Acontece que no artigo 11 da Proposta de Emenda Constitucional podemos ler o seguinte texto:
Art. 11. É permitida a utilização dos recursos da contribuição de que trata o art. 212, §5º, para o financiamento da complementação prevista no art. 212-A, inciso V, assegurada a manutenção pela União dos programas suplementares referidos no art. 208, inciso VII.

Em 2019 a Contribuição do Salário-Educação distribuiu para a educação básica um montante de 21,4 bilhões, sendo que 40% deste valor (8,4 bilhões) ficou com a União e financiaram programas federais, conforme o gráfico abaixo.


São programas essenciais para dar acesso a bens que nossos alunos estariam privados se dependessem apenas dos recursos de seus estados e municípios.

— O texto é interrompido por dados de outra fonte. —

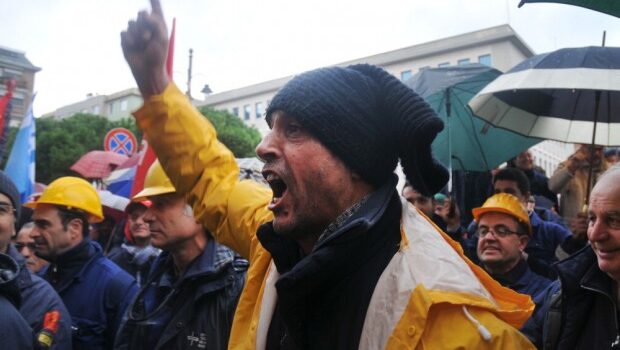 La Meloni ha sollevato il polverone dei fomentatori di odio. Ma l’odio sociale non si inventa, si produce e l’azione del governo ne ha prodotto ovunque fra i poveri, gli operai con salari da fame, fra i famigliari di quelli uccisi sul lavoro, gli immigrati perseguitati. Il sostegno a guerre di sterminio. Da qui la sua vera preoccupazione.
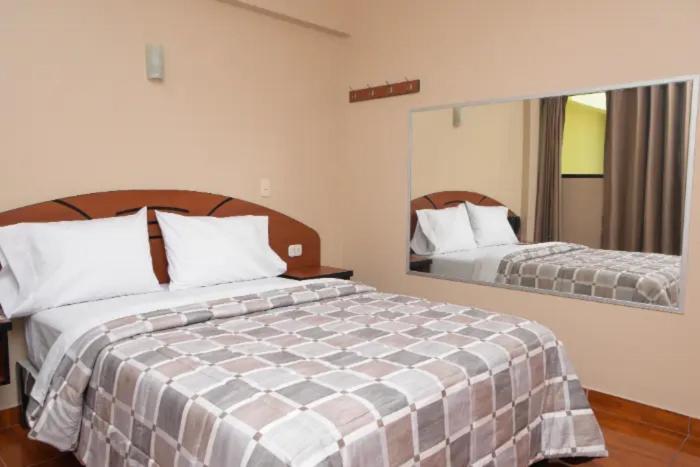 hotel opera - 1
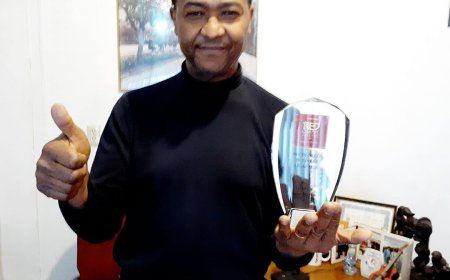 Liga Africa reconhecida pela Red Carpets Awards pela sua contribuição na promoção e preservação da música cabo-verdiana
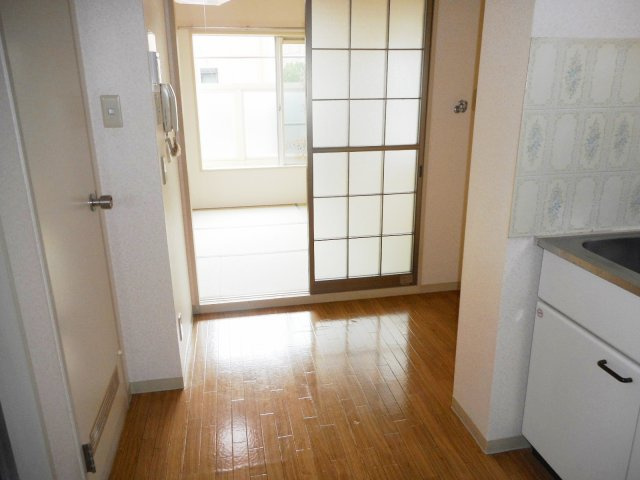 シャルムⅡの内装|別号室の参考写真です。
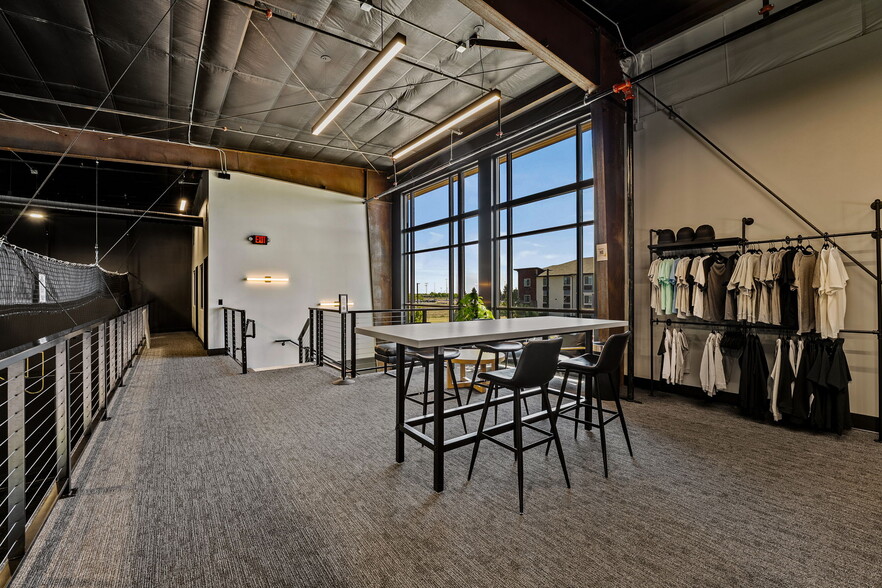 More Photos Of 6902 Rodeo Dr, Pasco Flex For Lease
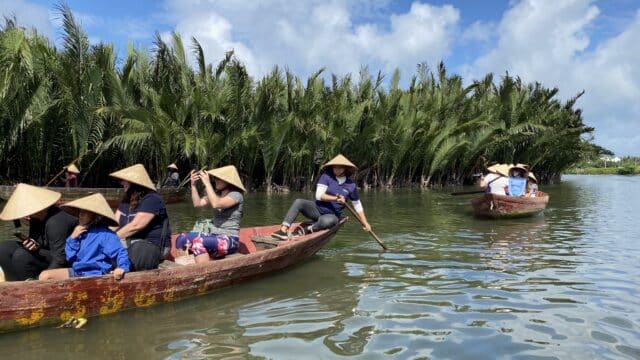 Thuan Tinh Island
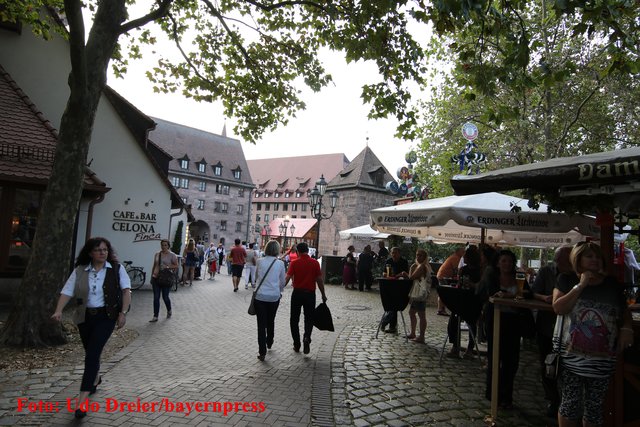 Eröffnung des 46. Altstadtfestes - 15. bis 26. September 2016. | Foto: Udo Dreier / bayernpress.de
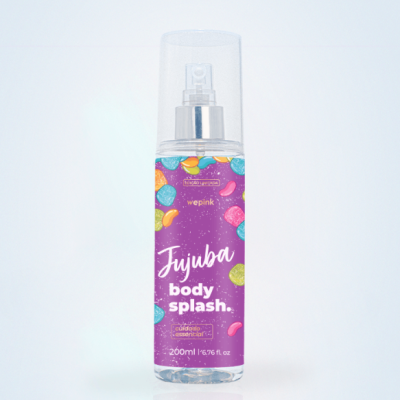Frasco de body splash com rótulo roxo decorado e spray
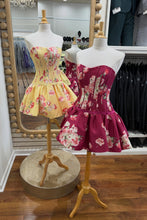 Load image into Gallery viewer, Pretty A Line Sweetheart Yellow Printed Corset Homecoming Dress with Bowknot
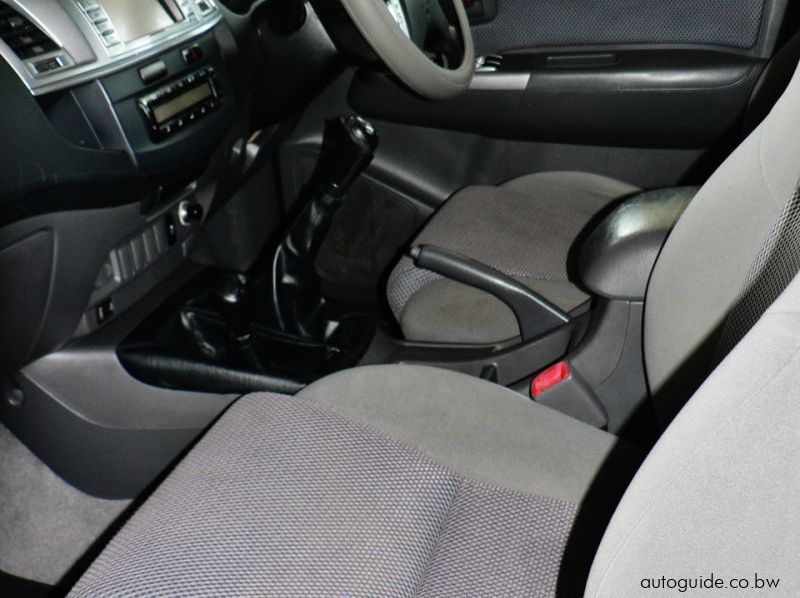 2014 Toyota Hilux pictures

Os principais programas possuem como principal fonte de seu financiamento os recursos do Salário-educação, como é o caso do transporte escolar (100%) e alimentação escolar (85%). E dinheiro direto na escola (100%). E no caso da compra de livros didáticos a participação é decisiva (87%).
Por outro lado, os recursos que bancam a complementação da União para o FUNDEB possuem outras fontes distintas da que está sendo incluída pela relatora. Em 2019 os recursos vieram dos recursos ordinários e, de forma crescente, tem sido garantido pelo Fundo Social - Parcela Destinada à Educação Pública e à Saúde.
A conta não fecha. A projeção de impacto financeiro da PEC, que consta do relatório, afirma que em 2021 teremos um acréscimo de 8,3 bilhões. Isso, em números arrecadados em 2019, representa a autorizar o governo a lançar mão de praticamente todo o valor do salário-educação para honrar com o crescimento da complementação.
Escrever no texto que “assegurada a manutenção pela União dos programas suplementares” não é suficiente, basta que o governo mantenha uma pequena proporção da cobertura atual, posto que a fonte principal dos referidos programas migraria para o Fundeb, e estaria cumprindo a nova regra constitucional.
Estaríamos literalmente trocando seis por meia dúzia. Trocando programas que garantem acesso a alimentação, transporte, livro e um pouco de recursos para a manutenção das escolas de todo o país, pela complementação para municípios mais pobres. Uma espécie de Robin Hood que rouba dos carente para dar para os mais carentes. E não mexe com os mais ricos.
O aumento da complementação deve ser sustentável, por isso não pode meter a mão em um recurso essencial para milhões de crianças e que possui um formato universal.